```
# author: puru panta (purupanta@uky.edu)
# date: 11/30/2024
# filename: PredictMLDL_Separate
```



**STEP1: Install and Import libraries required**

In [1]:
import json

In [None]:
# Mounting google drive if it is already not mounted
def LoadGoogleDrive(googleDriveDir):
  # Link Google Drive
  import os
  # Check if Google Drive is already mounted
  if not os.path.exists(googleDriveDir + "/MyDrive"):
      print("Mounting Google Drive...")
      from google.colab import drive
      drive.mount(googleDriveDir)
  else:
      print("Google Drive is already mounted!")

# Loading the AppConfig file
def LoadAppConfig(json_file_path):
  # Load JSON file into a Python dictionary
  with open(json_file_path, "r") as json_file:
      config_data = json.load(json_file)

  # Print loaded JSON data
  print("AppConfig JSON File Loaded Successfully!")
  # print(config_data)
  return config_data

# Loading the AppLib file
def AppLib_reload_script(script_path):
  # Load AppLib.py
  with open(script_path, 'r') as file:
      script_code = file.read()
      exec(script_code, globals())

**STEP2: Load goofle-drive, libraries, config file and application library file**

In [None]:
# Mount the google drive
googleDriveFolder = "/content/drive"
LoadGoogleDrive(googleDriveFolder)

# Load the AppConfig json file
json_file_path = googleDriveFolder + "/MyDrive/Colab Notebooks/HINTS6Finale/AppConfig.json"
config_data = LoadAppConfig(json_file_path)

# Load AppLib
lib_script_path = config_data["project_location"] + config_data["app_lib_path"] + config_data["app_lib_filename"]
print(f"Loading AppLib from: {lib_script_path}")
AppLib_reload_script(lib_script_path)


Mounting Google Drive...
Mounted at /content/drive
AppConfig JSON File Loaded Successfully!
Loading AppLib from: drive/MyDrive/Colab Notebooks/HINTS6Finale/lib/AppLib.py


In [None]:
requirements_path = config_data["project_location"] + config_data["requirements_file_name"]
AppLib.LoadRequirements(requirements_path)
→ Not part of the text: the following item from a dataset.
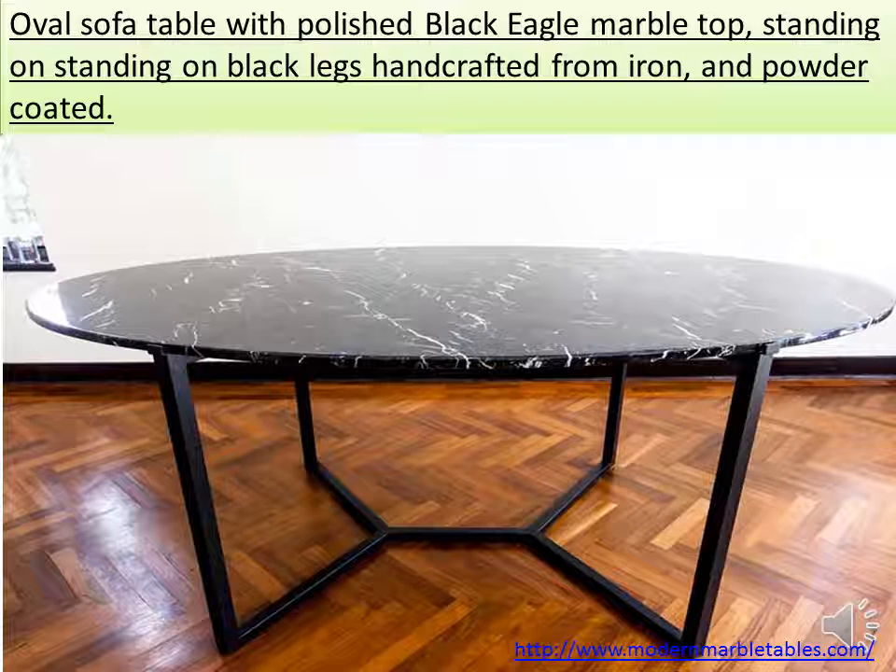Oval sofa table with a polished black eagle marble top, standing on black legs handcrafted from iron and powder coated.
Installing missing packages: ['tf-keras', 'scikit-learn', 'imbalanced-learn', 'xlsxwriter']
Installation completed successfully!
Please restart the runtime for changes to take effect.


**STEP3: Load the original data with filtered columns**

In [None]:
ip_file_path = config_data["project_location"] + config_data["ip_data_dir"] + config_data["ip_file_name"]
ip_sheet_name = config_data["ip_file_sheet_name"]
ip_load_data_cols = config_data["study_cols"]["target_cols"] + config_data["study_cols"]["predictor_cols"] + config_data["study_cols"]["predictor_cols0"]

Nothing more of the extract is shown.